Through this agreement, NH TherAGuIX will benefit from all the experience and industrial know-how of Sanofi in the field of production of active pharmaceutical ingredients (API).

Production of clinical and commercial batches will be carried out at the Aramon site in France, which is certified by the US Food and Drug Administration (FDA), the European Medicines Agency (EMA) and the Japanese Pharmaceuticals and Medical Devices Agency (PMDA). The first clinical batches are expected in September 2019.

Through this agreement, Sanofi will act as a processor for NH TherAGuIX, from the industrialisation of the manufacturing process to the production of clinical and commercial batches. The production of nanoparticles requires specific skills that have been acquired by Sanofi employees at the Aramon site and which today make it possible to develop this state-of-the-art expertise in France.

Director of Sanofi Active Ingredient Solutions Philippe Clavel said: “It is a great source of pride for Sanofi Active Ingredient Solutions to be able, through this strategic partnership, not only to contribute to a breakthrough innovation that could lead to a better life for millions of people in the field of oncology, but also to support a brilliant French start-up in its emergence and growth.

“We are proud and excited about this partnership with Sanofi, which will enable larger scale batch production for clinical trials and, hopefully, the production of commercial batches.

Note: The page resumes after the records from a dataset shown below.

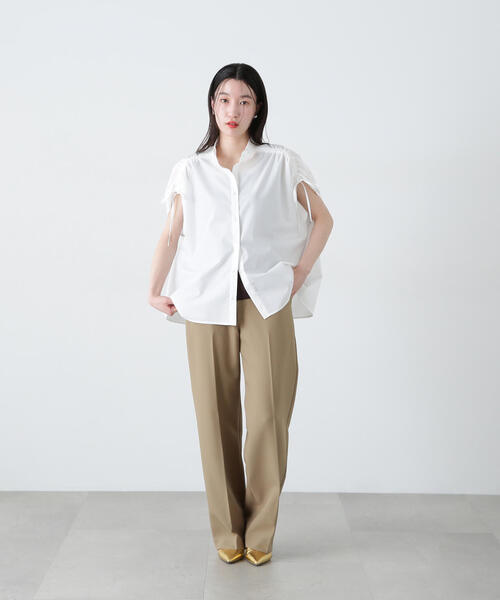 N.（N. Natural Beauty Basic）（エヌエヌナチュラルビューティーベーシック）の「バンドカラードロストシャツ（シャツ/ブラウス・レディース・ブルー系その他/オフホワイト/ピンク系その他・MEDIUM）」の14枚目の写真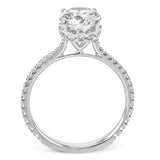 18K White Gold Round Hidden Halo Semi-Mount Engagement Ring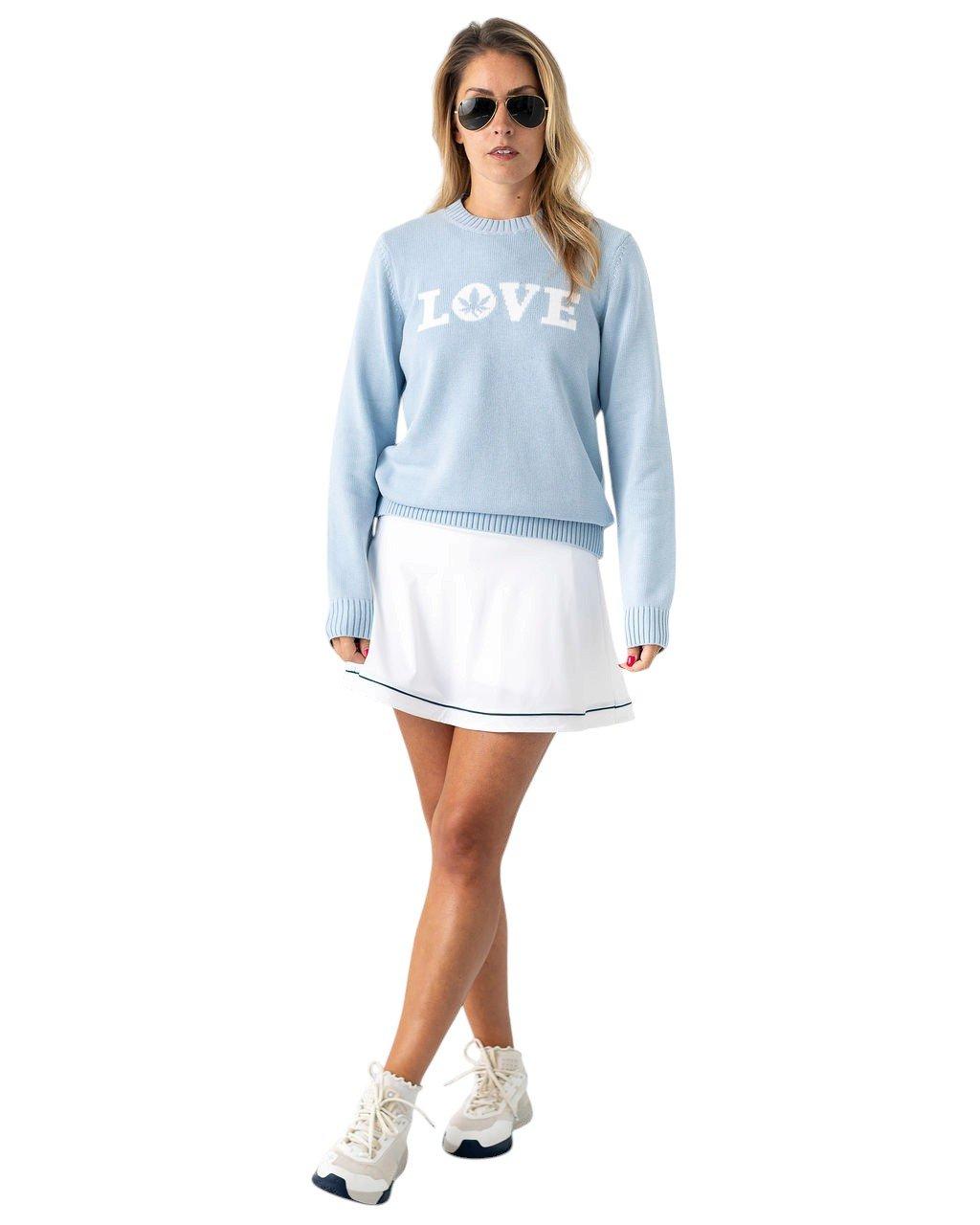 Boast Women's Intarsia "LOVE" Sweater - Lt Blue - LT BLUE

This is a major step forward in the development of the company, at the crucial moment as we enter Phase 2,” said Géraldine Le Duc, CEO of NH TherAguix.

About AGuIX

AGuIX is a bimodal nanomedicine, with a radiosensitising effect and visible in magnetic resonance imaging (MRI).

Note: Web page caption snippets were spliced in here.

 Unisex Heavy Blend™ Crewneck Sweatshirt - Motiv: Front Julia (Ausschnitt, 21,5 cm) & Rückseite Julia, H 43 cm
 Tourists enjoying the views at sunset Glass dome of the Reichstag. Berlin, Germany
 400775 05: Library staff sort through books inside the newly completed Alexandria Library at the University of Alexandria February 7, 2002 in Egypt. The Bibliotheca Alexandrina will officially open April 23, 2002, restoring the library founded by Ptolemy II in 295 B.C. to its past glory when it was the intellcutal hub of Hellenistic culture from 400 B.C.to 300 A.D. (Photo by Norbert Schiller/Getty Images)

AGuIX demonstrated good post-injection safety, MRI contrast enhancement and early evidence of radiosensitisation when combined with radiation therapy in patients with brain metastases (NANORAD1 Phase Ib trial, Grenoble CHU). A Phase II trial has recently been approved by ANSM (NANORAD2, CHU Grenoble). In parallel, a Phase Ib trial for advanced cancer of the cervix (NANOCOL1) is underway at Gustave Roussy in Paris.